Stratégies éconergétiques
  • Énergie solaire passive
  • Éclairage naturel
  • Enveloppe du bâtiment performante (murs extérieurs : RSI 3,4 ; toiture : RSI 5,3)
  • Ventilation naturelle automatisée
  • Système géothermique en boucle fermée composé de 20 puits, forés à 150 mètres de profondeur (492 pieds), et de trois thermopompes de 50 kilowatts chacune (capacité de 500 000 Btu/h en chauffage et en climatisation)
  • Chaudières (3) d’appoint au gaz naturel haute performance (95 %) d’une puissance de 400 000 Btu/h
  • Tunnel canadien (60 mètres de long et 1,2 mètre de diamètre), enfoui à une profondeur de 6 mètres, permettant de préchauffer l’air neuf (ajout de 7 ºC) en hiver et de le refroidir au préalable (extraction de 7 ºC) en été aux températures extérieures extrêmes
  • Échangeurs de chaleur (2) d’une efficacité de 70 %
  • Dalle radiante comportant un réseau de tuyauterie circulant un liquide à basse température
  • Luminaires T5-H0 et LED avec détecteurs combinés de mouvement/luminosité
  • Système de contrôle (plus de 500 points de contrôle) raccordé à une centrale pour tous les bâtiments de la Ville

 

Le tapis volant

Apparaissant complexe de prime abord, la forme de la toiture a d’abord été analysée de manière à déterminer les principes constructifs simples pouvant être réalisés à l’intérieur du budget, sans entraîner d’accumulation de neige importante. Au niveau du toit, le système de résistance aux charges latérales est réalisé au moyen de contreventements en acier situés dans les murs des cages d’escaliers et d’ascenseurs. Le toit formé de plans inclinés est composé d’un diaphragme en acier sur lequel repose un tablier métallique permettant le transfert des charges latérales aux contreventements verticaux.

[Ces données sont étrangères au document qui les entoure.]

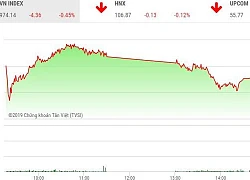 Phiên chiều 3/5: Cổ phiếu dầu khí gia tăng sức ép, VN-Index thủng mốc 975 điểm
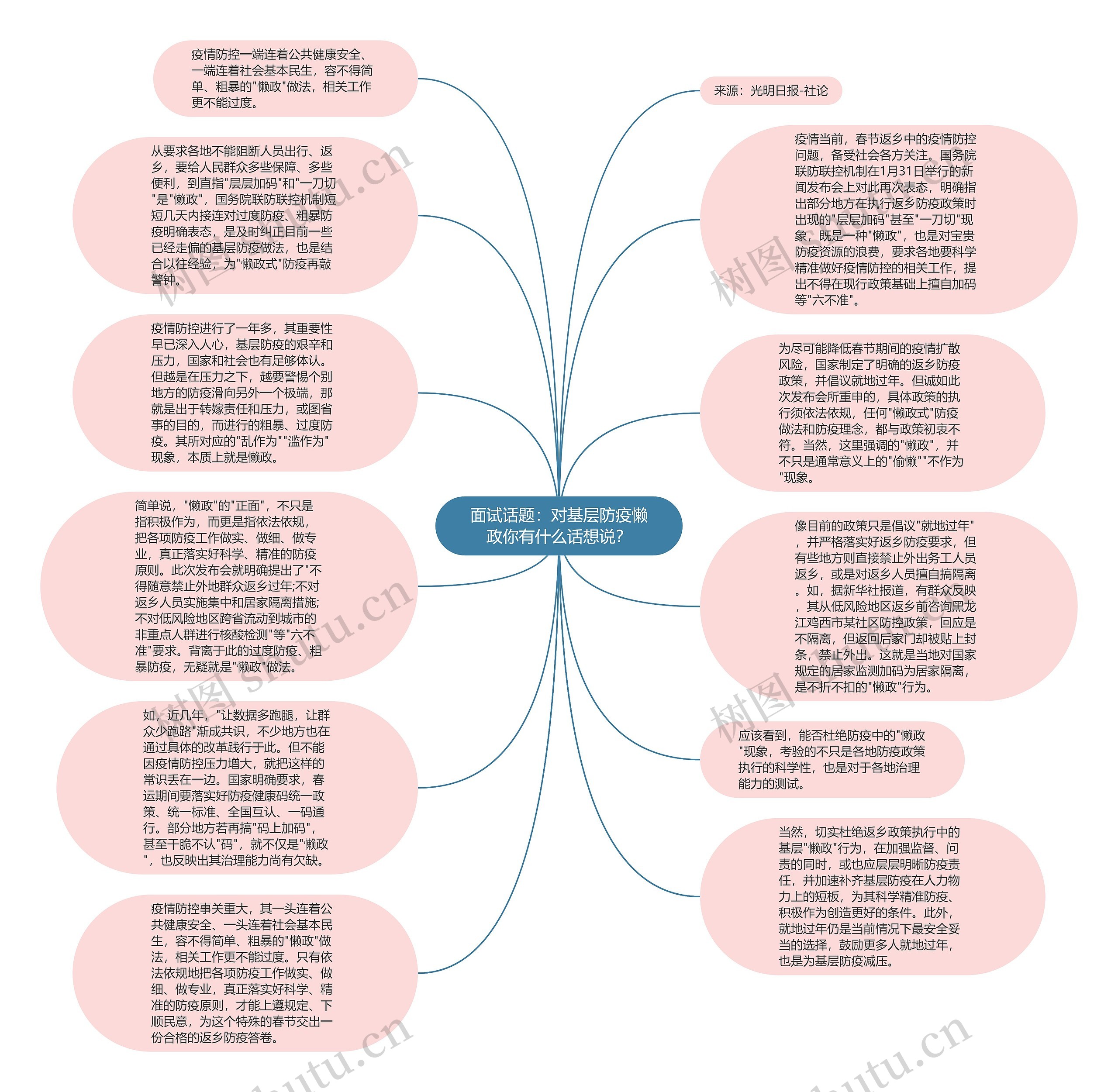 面试话题：对基层防疫懒政你有什么话想说？思维导图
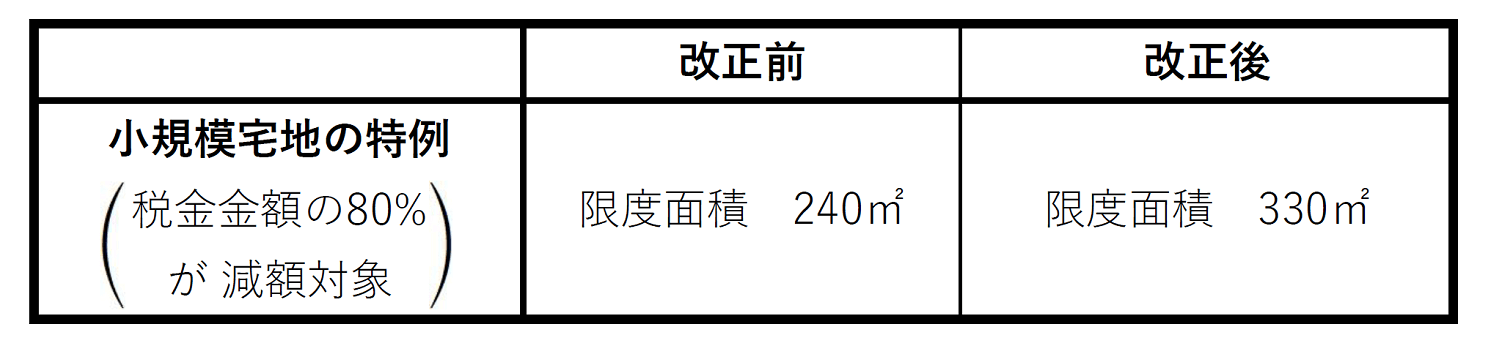 小規模宅地特例の限度面積の拡大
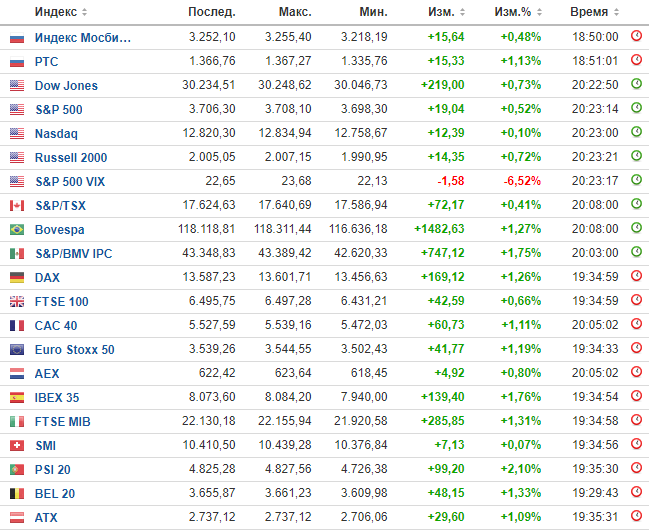 Мировые биржевые индексы на 23.12.2020г.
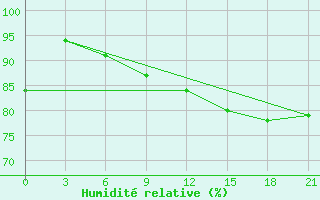 Courbe de l'humidit relative pour Twenthe (PB)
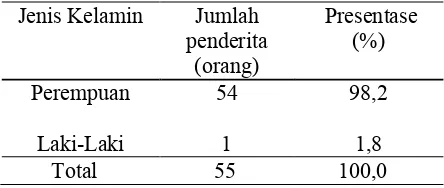 Tabel 4.1 Distribusi Carcinoma mammae berdasarkan jenis kelamin 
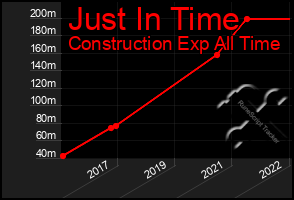 Total Graph of Just In Time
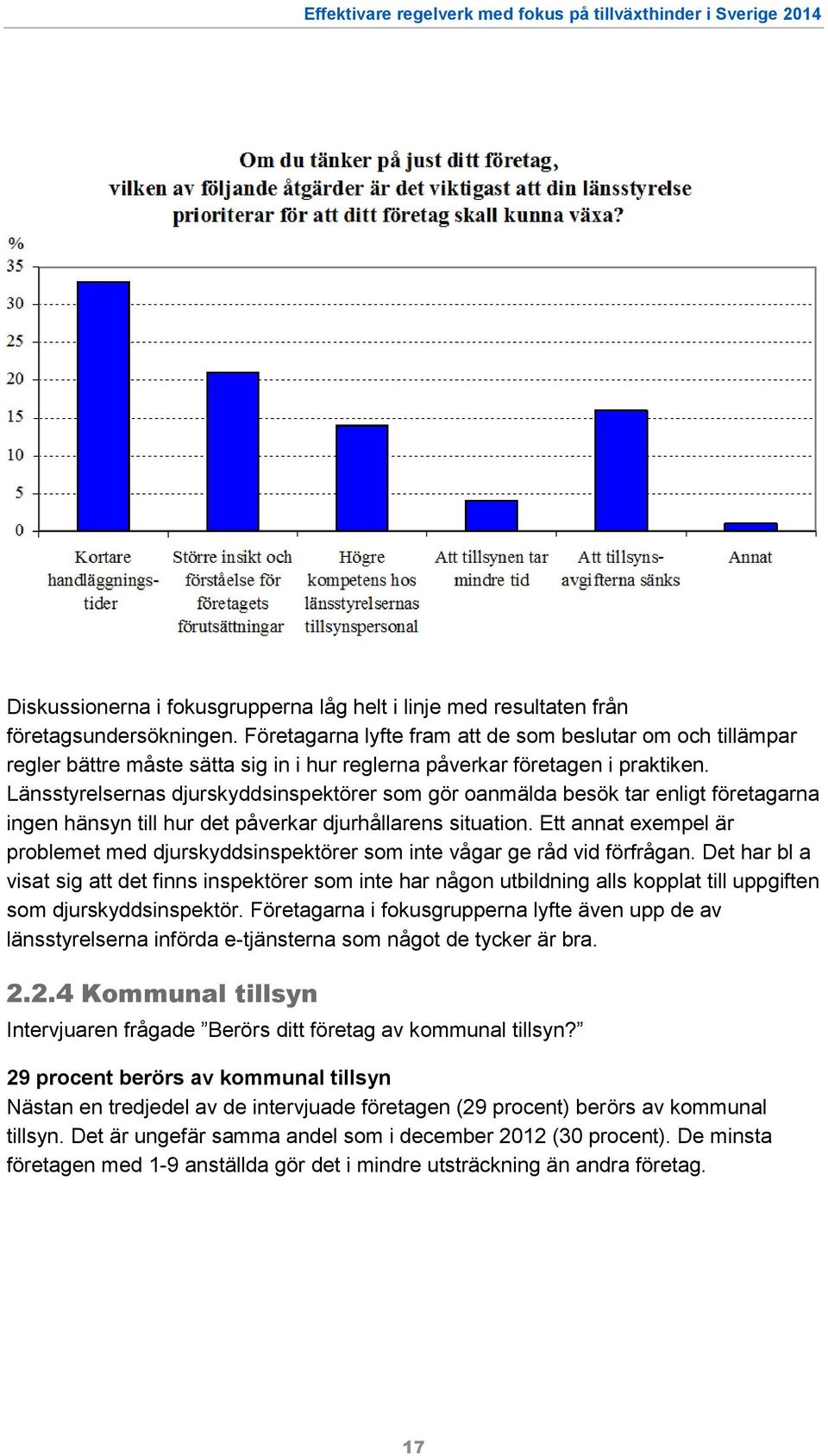 tillsynsavgifterna sänks Annat Diskussionerna i fokusgrupperna låg helt i linje med resultaten från företagsundersökningen.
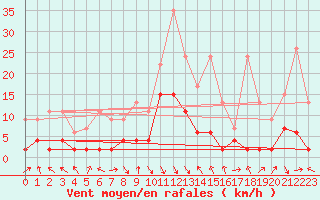 Courbe de la force du vent pour Montagnier, Bagnes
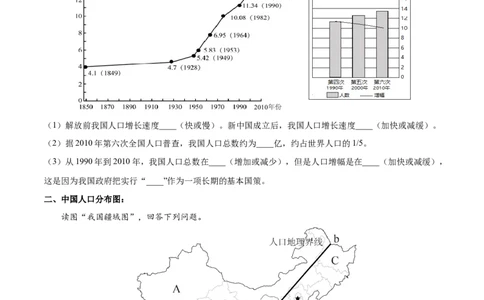 专题16中国的人口和民族-备战2024年中考地理识图速记手册与变式演练（全国通用）（原卷版）_7地理中考复习_2024年中考复习资料_专项复习资料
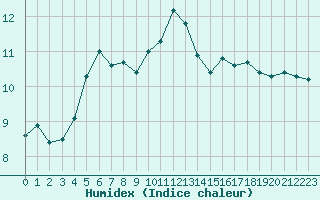 Courbe de l'humidex pour Aytr-Plage (17)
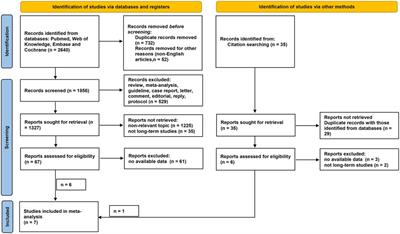 Long-term outcomes of radiofrequency ablation vs. partial nephrectomy for cT1 renal cancer: A meta-analysis and systematic review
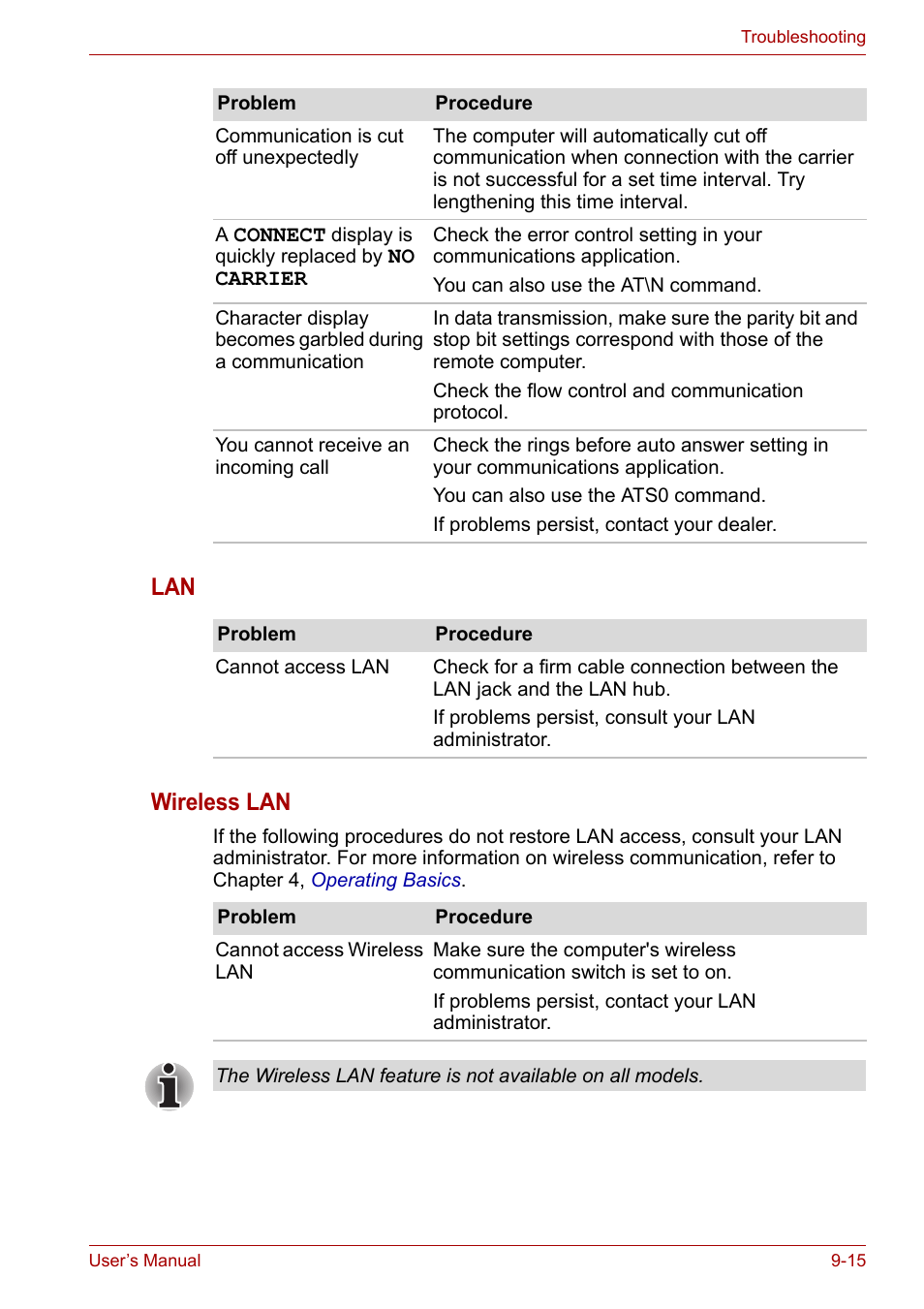 Lan wireless lan | Toshiba SATELLITE U400 User Manual | Page 145 / 177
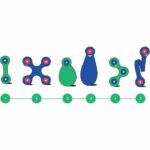 Magnetic Construction Set - GIPSY TOYS - Itsy CLIXO - 18 pcs - Blue/green - Ages 4+ - Image 4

Source : SNC-Lavalin / atelier TAG

 

Marques de reconnaissance

L’équipe de design de la bibliothèque Raymond-Lévesque (TAG et JLP et associés architectes / Martin Roy et associés / SNC-Lavalin) a été doublement récompensée à l’occasion de la remise des Trophées Innovation et Développement durable de Contech, le 13 octobre dernier. À savoir une mention honorifique dans la catégorie Bâtiment ICI – Pratiques innovatrices et la Distinction Développement durable attribuée dans le cadre de ce concours qui en était à sa 23e édition cette année.

Le jury a été séduit par l’intégration architecturale et créative des systèmes électromécaniques de la bibliothèque. Et par la recherche de solutions architecturales concrètes et durables, ainsi que l’intégration avancée des systèmes d’éclairage et d’apport d’air à même le rayonnage métallique standard de l’établissement.

Les architectes et la Ville de Longueuil avaient déjà reçu un prix d’excellence du magazine Canadian Architect pour la conception architecturale et les plans de la bibliothèque, ainsi que le Grand Prix du génie-conseil québécois dans la catégorie Bâtiment - Structure.